Anyways, the next session was "Deploying applications with ClickOnce" hosted by Andrew Coates. Another familiar blogger, Andrew's presentation was pretty kick-ass. he's obviously excited about the technology and loves giving presentations. ClickOnce is looking good - I've been playing with it in the November CTP but Andrew gave a simple yet powerful demo of many of it's features that I hadn't used, like the various ways to check for program updates. ClcikOnce is finally making the implementation of a conceptually simple process simple. Try saying that four times fast. Good work Andrew - especially in light of an IDE crash! But hey, where's my book?! ;)

And has ClickOnce been standardized so cross platform development is - at least in theory - possible?



The final session for the day was an "Introduction to Programming with SQL Server 2005" by Greg Low. I'm not a passionate database user but Greg's presentation was terrific. His quiet demeanour couldn't hide the fact that he loves his work. Especially Yukon. He's got reason to enjoy it, Yukon is looking pretty awesome. The idea of having an accesible CLR in the lower layers warms my cockels. And, although Greg emphasised that the idea isn't to have a database act as an object store, that idea really appeals... He also showed us that T-SQL isn't dead, with a host of changes in store on that front. Covered a lot in a short amount of time - and Greg probably could have filled a whole day on half of the topics. We were the last session to finish...

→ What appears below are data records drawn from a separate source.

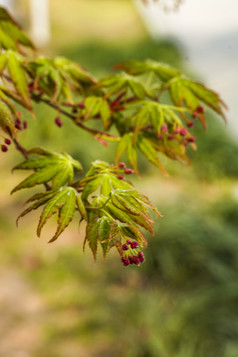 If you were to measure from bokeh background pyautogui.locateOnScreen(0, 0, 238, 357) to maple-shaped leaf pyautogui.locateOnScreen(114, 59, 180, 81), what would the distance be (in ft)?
3.01

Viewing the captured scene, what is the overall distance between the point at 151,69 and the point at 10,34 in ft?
1.27

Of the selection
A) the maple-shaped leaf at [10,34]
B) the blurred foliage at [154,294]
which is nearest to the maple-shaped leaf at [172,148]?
the maple-shaped leaf at [10,34]

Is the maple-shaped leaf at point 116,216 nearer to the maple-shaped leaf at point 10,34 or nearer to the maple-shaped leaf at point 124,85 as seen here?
the maple-shaped leaf at point 124,85

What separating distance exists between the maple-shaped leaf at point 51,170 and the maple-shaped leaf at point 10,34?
1.13ft

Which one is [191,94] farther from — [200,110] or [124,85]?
[124,85]

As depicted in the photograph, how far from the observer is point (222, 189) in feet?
15.8

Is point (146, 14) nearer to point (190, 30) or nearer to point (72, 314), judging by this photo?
point (190, 30)

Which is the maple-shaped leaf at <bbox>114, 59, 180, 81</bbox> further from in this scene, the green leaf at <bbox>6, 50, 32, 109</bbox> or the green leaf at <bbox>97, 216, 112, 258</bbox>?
the green leaf at <bbox>97, 216, 112, 258</bbox>

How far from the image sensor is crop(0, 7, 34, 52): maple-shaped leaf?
1372 mm

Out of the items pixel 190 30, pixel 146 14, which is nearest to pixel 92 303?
pixel 190 30

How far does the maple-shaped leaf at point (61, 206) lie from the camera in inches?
39.0

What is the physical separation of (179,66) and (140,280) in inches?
202

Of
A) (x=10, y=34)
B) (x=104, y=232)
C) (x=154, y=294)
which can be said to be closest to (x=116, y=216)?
(x=104, y=232)

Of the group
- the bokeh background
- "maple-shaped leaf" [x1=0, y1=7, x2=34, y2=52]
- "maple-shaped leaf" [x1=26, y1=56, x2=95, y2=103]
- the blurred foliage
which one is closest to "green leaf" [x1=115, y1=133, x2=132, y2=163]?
"maple-shaped leaf" [x1=26, y1=56, x2=95, y2=103]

Thus the summit ended. A pretty good day and, despite some "flat spots", I'm glad I attended. Thanks to Microsoft for putting on such a large event, it was really appreciated by me and everyone I talked to. Apart from the minor delays in registration everything ran very smoothly, even the obvious unpredictability of McDowell's keynote! The MSDN connection benefits were nice (speedy rego line & the lounge area) and I encourage you guys to continue to push that service. Can't wait to see the PDC come to town. ;)

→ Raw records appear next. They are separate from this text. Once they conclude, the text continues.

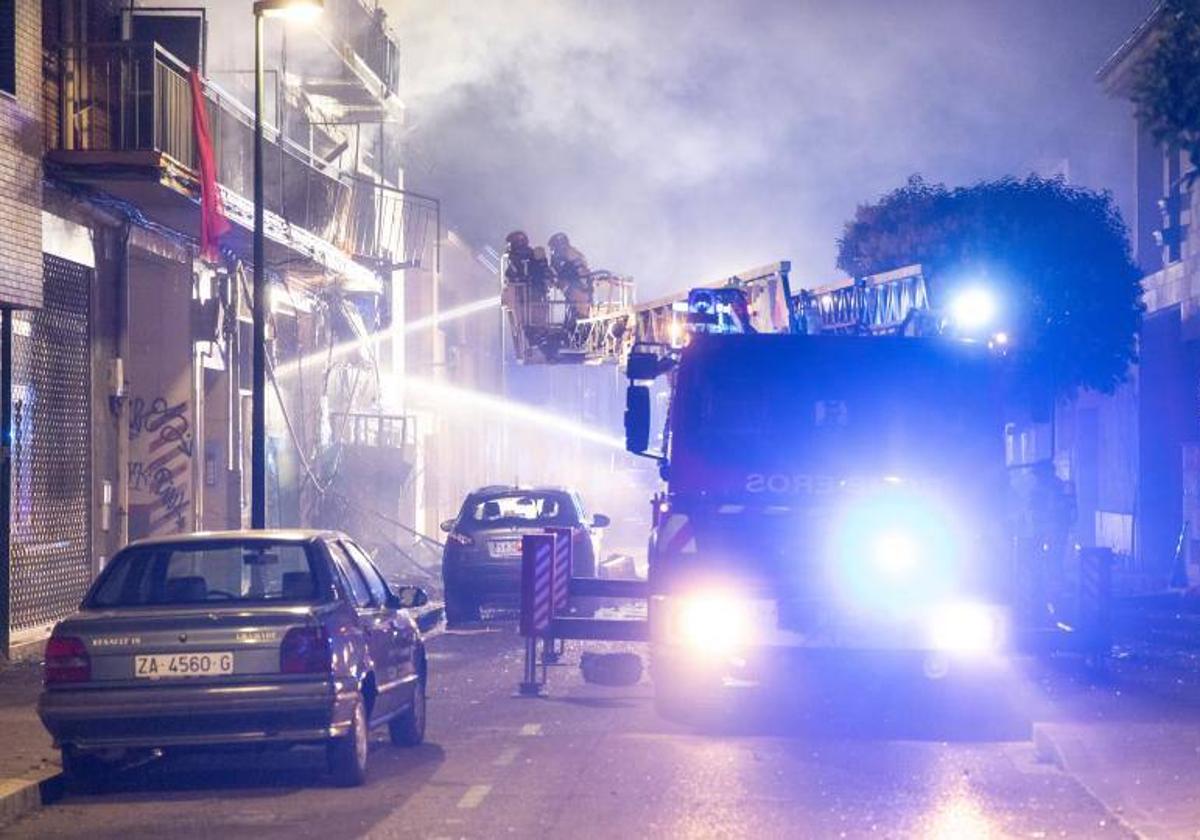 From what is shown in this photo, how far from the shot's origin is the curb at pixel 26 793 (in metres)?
10.3

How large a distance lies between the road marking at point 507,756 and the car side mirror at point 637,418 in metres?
2.96

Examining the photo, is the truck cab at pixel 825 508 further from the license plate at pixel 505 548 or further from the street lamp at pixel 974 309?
the license plate at pixel 505 548

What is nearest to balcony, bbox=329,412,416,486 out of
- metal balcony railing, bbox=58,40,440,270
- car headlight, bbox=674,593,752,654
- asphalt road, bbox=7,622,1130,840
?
metal balcony railing, bbox=58,40,440,270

Now, where were the G'Day World lads? Cam, you only live fifteen minutes away, where the hell were you? ;) Some of these sessions would have been really good podcasts...

And it's a pity that Frank Arrigo couldn't be there, many people were keen to meet him. Hopefully next time.

The post-summit festivities were fantastic, but that's for another posting, for now I've gotta get some sleep!

[Update: Photos are inline!]

3 comments:

Anonymous said...

I would have loved to be there, especially since *I* am a Melbourne boy too, but I was indisposed.

Good to see you had a good time.

cheers
Frank

William Luu said...

Cam, I think he meant he'd love to have seen you come along to the dinner for a conversation.

Matt said...

Firstly, yeah, it would have been good to have Cam there after the sessions, at The Pub and Blue Train - just so we could meet the Napolean & coffee lovin' fella, and that he could get amongst some of his fans. (!)

Secondly, I understand that G'Day World is trying to remain product-neutral but some of these sessions were really useful...nah, actually you're right; it isn't really a G'Day World 'thing'. Perhaps it would have been a better fit for IT Conversations.

Thirdly, there were quite a few interesting people at the dinner - especially myself of course - and you could have stuck a mic in front of their faces for a couple of minutes and gotten some pretty interesting content. Probably not but maybe!

Anyways, it would have been nice to meetcha Cam. :) Another time.